IN THE ANTI CORRUPTION DVISION OF THE MAGISTRATE’S COURT AT SUVA


Miscellaneous Application No. /2021

BETWEEN : Fiji Independent Commission Against Corruption

Prosecution/Applicant

AND : Simione Rokomalo Rasova. – Criminal Case No. MACD 28/2021;

Accused/Respondent

AND : Ratu Suliano Matanitobua,- Criminal Case No. MACD 29/2021;

Accused/Respondent

AND : Nikolau Nawaikula,- Criminal Case No. MACD 30/2021;

Accused/Respondent

AND : Peceli Waqairatu Vosanibola,- Criminal Case No. MACD31/2021;

Accused/Respondent

AND : Salote Vuibureta Radrodro,- Criminal Case No. MACD 32/2021;

Accused/Respondent

AND : Vijendra Prakash - Criminal Case No. MACD 33/2021;

Accused/Respondent

AND : Adi Litia Qionibaravi - Criminal Case No. MACD 37 /2021;

Accused/Respondent

Appearances

For the Prosecution/Applicant : Mr. R. Aslam and Mr. J. Work (FICAC)

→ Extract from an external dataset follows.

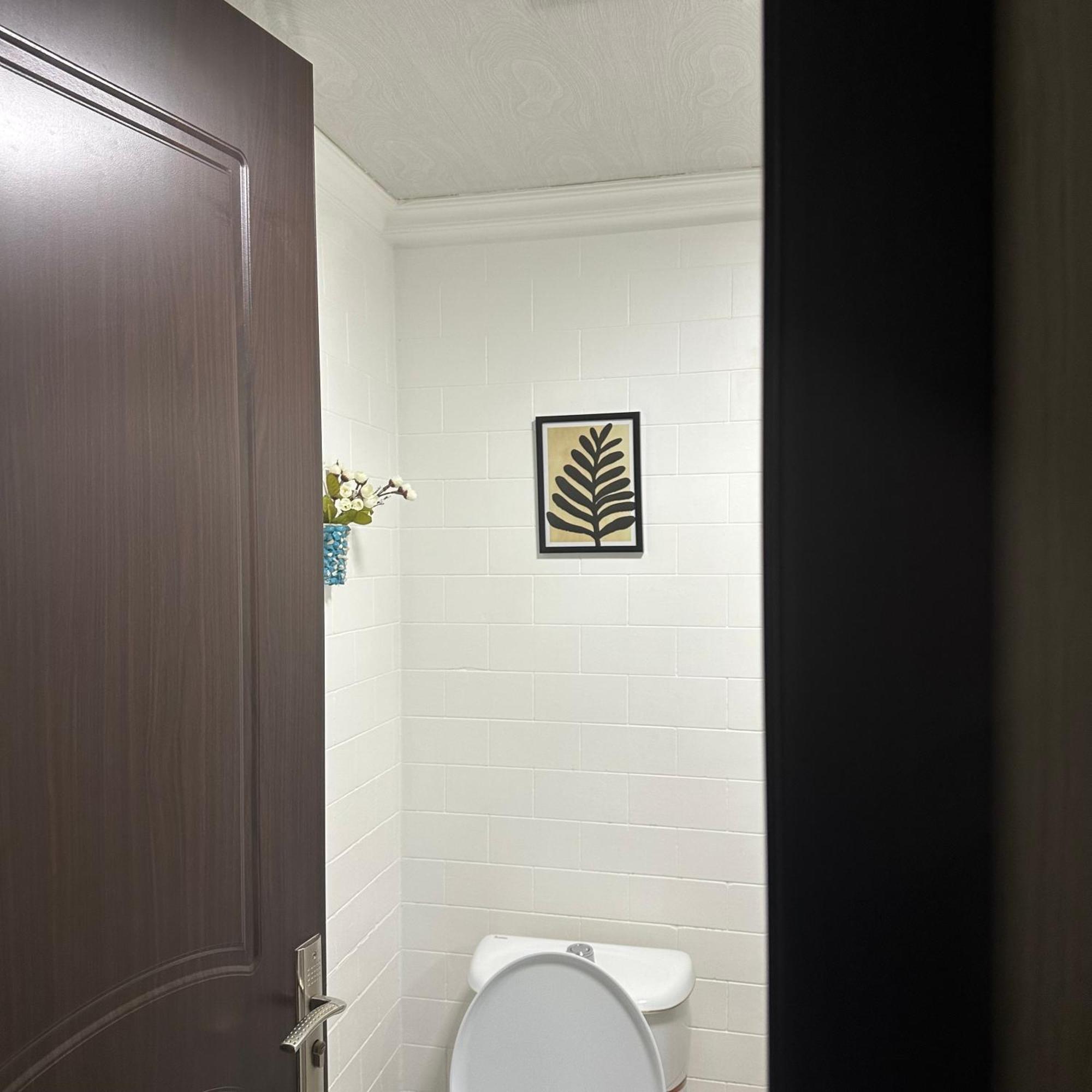 Hotel 1870 كوتايسي المظهر الخارجي الصورة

For Accused/Respondent : Mr.S.R Valenitabua - (Ratumaiyale & Associates)

Mr. A.Reddy - (Reddy & Nandan Lawyers)

Mr. T.Tuitoga - (Haniff Tuitoga Legal Pacific)

Date of Ruling : 6th December 2021 @12.15pm


RULING


  1. In this matter Prosecution has chosen to lay two charges against all the accused persons.
  2. A summary of the charges against all the accused persons are listed herein as follows:
    1. Count 1: False Information to Public Servant contrary to Section 201(a) of the Crimes Act 2009; and
    2. Counts 2: Obtaining Financial Advantage contrary to section 326 (1) of the Crimes Act 2009.
  3. The accused persons are charged individually as represented by the differing case numbers assigned however for the purposes of this ruling, this court has adopted that one ruling shall be deemed proper as the matter for adjudication is similar for all.
  4. By matter, this court is referring to prosecution filing an application[1] against all the accused persons seeking that this matter be transferred to the High Court. The application is filed[2] pursuant to the Magistrates Court Act, Section 191 of the Crimes Act 2009 and the inherent jurisdiction of the High Court.

Basis for Application

  1. Garnering from the Affidavit filed in support of the Motion filed against all accused persons, the basis of the Application is three-fold, which is;
    1. The nature and seriousness of the case (the volume of disclosures and expected length of a trial requires a court with a lesser volume of work to adjudicate on the matter);
    2. The novel legal issue to be decided on and applied in Fiji (the adjudication on the term ‘Residence’ was the novel issue); and
    3. The public interest factor (Six (6) of the accused were currently members of parliament, whilst one (1) was a member of parliament when charged however has since resigned).
  2. It was Prosecution’s submission in light of the above grounds that the Anti-Corruption Division of the High Court was the most appropriate court as a result.
  3. Counsels for the accused persons disagreed with the reasoning given by Prosecution stating the following:
    1. That the incumbent court was the most appropriate court by way of experience and the application by prosecution implied that the incumbent court was incompetent to handle such matters;
    2. That the term ‘Residence’ has already been defined in numerous decisions[3] of the High Court and Family Court (Adoption matters) as such there was no novelty in the said term;
    3. That the application of the term ‘public interest’ was not reserved to office holders whom are charged with an offence (like the accused persons) but was a blanket term applied to all persons charged with an offence; and
    4. That the charged offences were summary offences and as per Section 4(1)(c) of the Criminal Procedure Act 2009 the offences are to be tried by the Magistrate’s Court.
  4. Apart from the above submissions a matter which sparked a lot of debate was the incorporation of Prosecutions submission that the incumbent court should consider Section 188 (2) of the Criminal Procedure Act 2009 even though the same was not specified in their motion.
  5. All counsels for the Accused persons raised strong objections to such submissions on the basis that they felt ‘ambushed’ by such a submission, when there was no notice of reliance on the same from Prosecution via their Notice of motion.
  6. As such, this court shall firstly discuss whether this court should direct its mind to consider Section 188 (2) of the Criminal Procedure Act 2009 when the same was not identified as a provision to be relied upon by Prosecution in their notice of Motion.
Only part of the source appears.